Hug Blog Day #4

Got my hugs in later in the day and all within an hour. I wonder how I can spread these out through the day. Got a bonus hug from the kid today, normally I don’t see her on Thursdays… hooray for volleyball games!

The other hugs. I went in to work (ComedyCity. Last night was Stand-up comedy night.) Got a hug from Owen Boardman, stand-up comedian, improvisor, writer and friend. He actually approached me and asked if I had met my hug quota for the day. The initiation on his part was nice.

Third hug Rochelle Allen. She was just coming to see the show. She came in with friends, saw me and said “Oh, I’ve got to hug this guy.” while in the hug she said, “Oh, that’s right, you’re doing that hug project thing.” Which made me thing what she said earlier was either a sincere need to hug me, or she was subliminally tricked by knowing about this project. Either way, good hug.

Then I just went forward with her group. Hugged her roommate, who I had by chance met the other day at the dentist office, so we weren’t total strangers. Then I hugged her roommate’s boyfriend who was there too. He have me a one-arm “man hug” but I went all in. Not sure how he ultimately felt about it.

We had a brief talk about how women are better than men at hugging. Rochelle believes it’s because boys are taught not to touch people. I said I think it’s because women are squishier in general. We’re probably both right.

I was at my quota, and leaving for the night, but saw Aaron Kornowski (friend and musician) coming in to perform the post-show. I just went in for the hug as a way of saying “Hi.” Don’t know if he knows about the project or not. I just took the hug. Took it! He didn’t seem to mind, he laughed about it, actually.

So, really I ended up with 3 hugs that I initiated without really asking for consent.

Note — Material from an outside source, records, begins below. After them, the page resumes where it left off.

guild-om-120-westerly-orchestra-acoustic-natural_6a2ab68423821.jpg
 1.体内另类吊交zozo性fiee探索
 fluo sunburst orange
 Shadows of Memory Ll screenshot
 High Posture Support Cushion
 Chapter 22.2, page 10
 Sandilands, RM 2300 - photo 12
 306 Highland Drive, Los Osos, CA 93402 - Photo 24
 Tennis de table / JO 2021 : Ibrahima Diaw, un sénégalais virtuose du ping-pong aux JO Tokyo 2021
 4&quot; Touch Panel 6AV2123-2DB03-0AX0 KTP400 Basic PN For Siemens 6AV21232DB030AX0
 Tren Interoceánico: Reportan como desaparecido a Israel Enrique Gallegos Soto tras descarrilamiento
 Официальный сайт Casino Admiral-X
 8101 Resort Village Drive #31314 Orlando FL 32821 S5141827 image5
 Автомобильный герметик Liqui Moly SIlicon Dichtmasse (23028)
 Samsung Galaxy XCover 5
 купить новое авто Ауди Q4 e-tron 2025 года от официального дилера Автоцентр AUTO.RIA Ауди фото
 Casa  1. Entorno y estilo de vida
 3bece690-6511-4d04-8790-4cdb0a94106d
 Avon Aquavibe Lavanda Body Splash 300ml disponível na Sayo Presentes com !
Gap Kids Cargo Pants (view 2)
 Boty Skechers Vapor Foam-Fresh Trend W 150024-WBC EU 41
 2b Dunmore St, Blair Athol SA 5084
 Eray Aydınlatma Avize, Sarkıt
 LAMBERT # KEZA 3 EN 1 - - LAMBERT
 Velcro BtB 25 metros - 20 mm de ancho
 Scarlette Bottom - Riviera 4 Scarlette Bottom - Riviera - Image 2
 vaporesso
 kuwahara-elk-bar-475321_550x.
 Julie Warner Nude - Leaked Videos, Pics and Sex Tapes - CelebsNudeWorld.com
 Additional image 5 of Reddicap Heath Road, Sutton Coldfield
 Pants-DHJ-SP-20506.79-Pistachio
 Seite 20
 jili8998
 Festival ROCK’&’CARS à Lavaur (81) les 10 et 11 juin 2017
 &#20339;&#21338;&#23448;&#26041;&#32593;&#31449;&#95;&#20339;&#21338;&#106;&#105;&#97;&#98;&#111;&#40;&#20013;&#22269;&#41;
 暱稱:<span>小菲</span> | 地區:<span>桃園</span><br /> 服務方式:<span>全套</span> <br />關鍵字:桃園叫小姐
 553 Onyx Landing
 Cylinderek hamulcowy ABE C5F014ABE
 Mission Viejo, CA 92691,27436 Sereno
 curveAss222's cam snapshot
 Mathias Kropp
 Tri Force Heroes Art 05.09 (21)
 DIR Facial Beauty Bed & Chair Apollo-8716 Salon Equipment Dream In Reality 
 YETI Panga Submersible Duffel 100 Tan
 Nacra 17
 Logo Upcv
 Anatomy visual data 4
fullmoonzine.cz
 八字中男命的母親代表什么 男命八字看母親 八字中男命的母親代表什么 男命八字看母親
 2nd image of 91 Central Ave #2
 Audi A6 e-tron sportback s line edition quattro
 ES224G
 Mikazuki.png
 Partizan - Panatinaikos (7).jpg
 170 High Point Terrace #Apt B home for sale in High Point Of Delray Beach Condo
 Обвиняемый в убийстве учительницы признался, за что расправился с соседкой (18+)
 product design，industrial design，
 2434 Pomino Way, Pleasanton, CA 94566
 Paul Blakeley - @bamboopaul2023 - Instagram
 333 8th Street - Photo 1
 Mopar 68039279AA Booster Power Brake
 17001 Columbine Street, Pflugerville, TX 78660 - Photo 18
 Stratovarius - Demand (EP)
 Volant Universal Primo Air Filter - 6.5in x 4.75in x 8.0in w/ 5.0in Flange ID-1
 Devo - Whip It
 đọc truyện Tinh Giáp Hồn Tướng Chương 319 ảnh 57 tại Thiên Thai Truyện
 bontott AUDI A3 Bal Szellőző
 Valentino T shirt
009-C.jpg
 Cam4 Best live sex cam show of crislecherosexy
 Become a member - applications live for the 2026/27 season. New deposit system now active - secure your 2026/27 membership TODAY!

But, they were all received well enough. And, really, is a free hug that bad of a thing?

Went home and later felt lonely… well, I live alone, so not surprising. What was interesting was that I felt lonely, but not the sad desperate lonely I’ve felt before. Difficult to explain. I’ll talk about this more in upcoming blogs. Loneliness and being alone is an ongoing theme with this project.